Drizzle single vs multiple queries performance comparaison

Check out the original repo for the updated version of Drizzle: https://github.com/webNeat/sql-single-vs-multiple-queries

Drizzle single vs multiple queries performance comparaison

This sentence from Drizzle documentation was surprising to me:

Regardless of how many nested relations you query - Drizzle will always make exactly one SQL query to the database, it makes it extremely explicit and easy to tune performance with indexes.

In my mind, using exactly one SQL query will not be performant in all cases. In fact, I have seen some cases where doing multiple joins hurt the performance a lot. Am I missing something?! maybe Drizzle is doing something I don't know ...

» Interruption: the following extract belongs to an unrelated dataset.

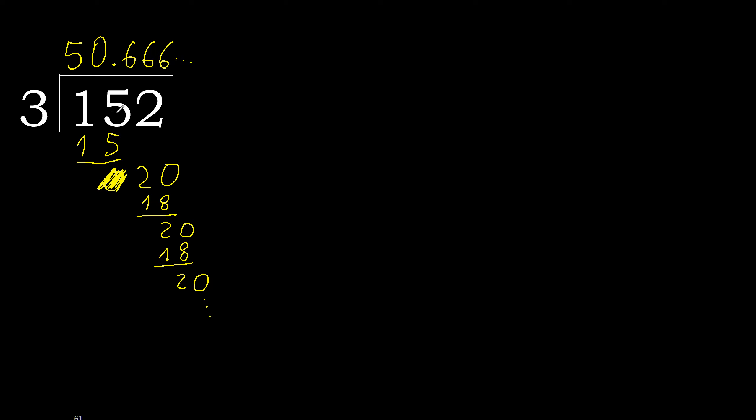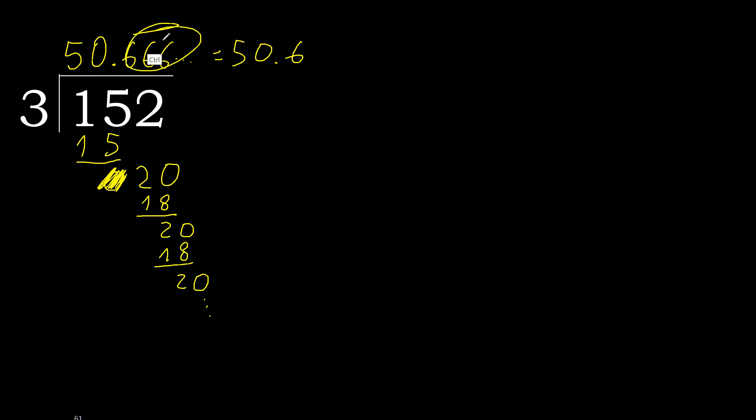152 divided by 3 is here 4, or after the point 6 repeat.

So I created this benchmark to experiment with Drizzle a bit and see what I am understanding wrong.

The benchmark

I used Postgres inside a docker container
I created a simple blog database

users
  id int primary key auto-increment
  name varchar(255)
  email varchar(255)
  bio text

posts
  id primary key auto-increment
  user_id int foreign key (users.id)
  title text
  content text

comments
  id primary key auto-increment
  user_id int foreign key (users.id)
  post_id int foreign key (posts.id)
  content text

I inserted a lot of data into the database: 100k users, 500k posts and 5M comments
I wrote two scripts to fetch the same data: a number of comments with their author name, post title and post author name. The count of comments to fetch is given as a parameter to the script.
- The first script src/single.ts uses Drizzle db.query... to fetch all the data using a single query.
- The second script src/multiple.ts uses Drizzle db.query... three times to fetch data from the 3 tables and combine them manually. Both scripts give exactly the same data!

The results

Here are the results of running the scripts with different counts multiple times and taking an approx average (I didn't have to be precise because the difference is huge!)

count of comments	single query	multiple queries + data combinaison
1	1900 ms	27 ms
10	1900 ms	27 ms
100	3250 ms	30 ms
1000	16_000 ms	55 ms
5000	71_000 ms	150 ms

The results compared to Orchid ORM

Here are the results compared to Orchid ORM.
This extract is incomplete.